Quattro cuochi italiani sono stati nominati tra i migliori 100 chef del futuro a livello internazionale: chi sono e dove si possono gustare i loro piatti

Antonia Klugmann

Ci sono 4 italiani tra i migliori 100 chef del futuro: a decretarlo è un libro, intitolato ‘Today’s Special‘, pubblicato da edizioni Phaidon in collaborazione con S.Pellegrino. Nel volume, 20 chef di fama internazionale (come Daniel Boulud, Dominique Crenn, Virgilio Martinez, May Chow, Daniela Soto-Innes ed Eyal Shani) hanno rivelato ciascuno 5 nomi di chef da seguire con particolare attenzione nei prossimi anni. Nell’elenco finale, come detto, c’è gloria per quattro rappresentanti della cucina italiana.

Chi sono i 4 italiani tra i migliori 100 chef del futuro

Tra gli chef italiani che sono riusciti a ottenere una menzione nell’elenco dei 100 migliori chef del futuro c’è Martina Caruso, la più giovane chef a ricevere la Stella Michelin in Italia, già vincitrice del Premio Michelin Donna 2019 e inserita tra le 100 donne italiane di successo nel 2020 da Forbes. Martina Caruso è la chef patron del ristorante Signum di Salina. Il suo nome è stato suggerito da Dominique Crenn.

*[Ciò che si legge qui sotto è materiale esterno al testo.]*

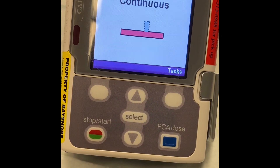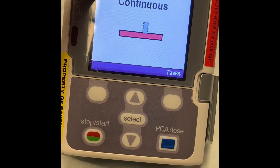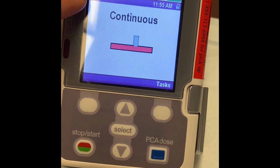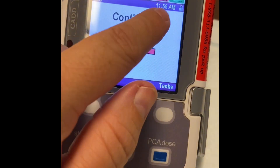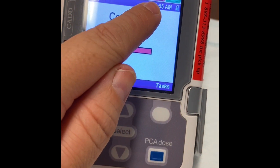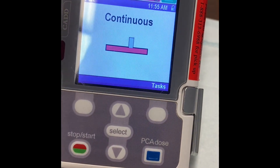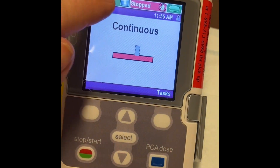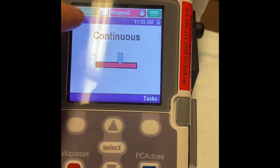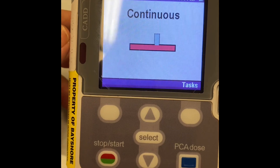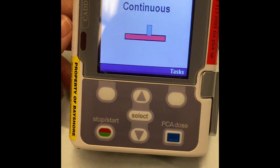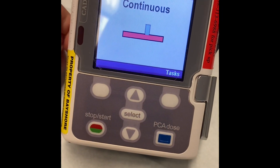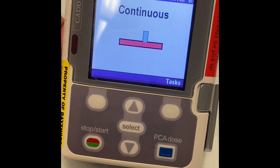You'll see here that the pump is set to PCA. It's stopped — it's not running currently. And this is your reservoir, so that's how much milliliters are left in your medication bag.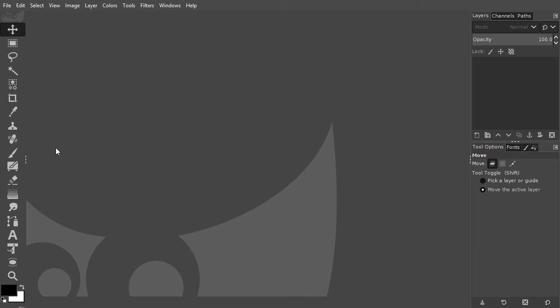Now let's have a look at the MyPaint brush. This is a new brush in GIMP 2.10.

La stessa Crenn ha menzionato anche un’altra chef italiana: si tratta di Antonia Klugmann (in foto), conosciuta al grande pubblico per la sua partecipazione (in qualità di giudice) a ‘Masterchef Italia’. Klugmann è chef e proprietaria del ristorante L’Argine a Vencò (1 Stella Michelin), a Dolegna del Collio in provincia di Gorizia. A dicembre ha inaugurato anche il suo servizio di food delivery “Antonia a casa“.

Si deve, invece, alla chef May Chow la presenza tra i 100 migliori chef del futuro di Diego Rossi, chef di Trippa a Milano. A breve lo chef originario di Verona aprirà un secondo locale nel capoluogo lombardo, chiamato Alla concorrenza. La sua filosofia è: “Non parto mai da quello che piace al cliente, sarebbe piegarsi alle mode. Il punto di partenza è il piatto”.

Lo chef israeliano Eyal Shani, infine, ha fatto il nome di Francesco Vincenzi, chef cresciuto professionalmente nella cucina dell’Osteria Francescana di Massimo Bottura. Dal 2017, Vincenzi è alla guida della cucina di Franceschetta58, il bistrot di Bottura che nell’aprile 2020 è sbarcato anche a Milano con un temporary delivery. Molto gettonati, durante il periodo più critico dell’emergenza Coronavirus in Italia, sono stati anche i “Meal Kit” di Franceschetta58. Nel 2019 Francesco Vincenzi ha vinto il premio di Identità Golose come ‘miglior chef italiano under 30’.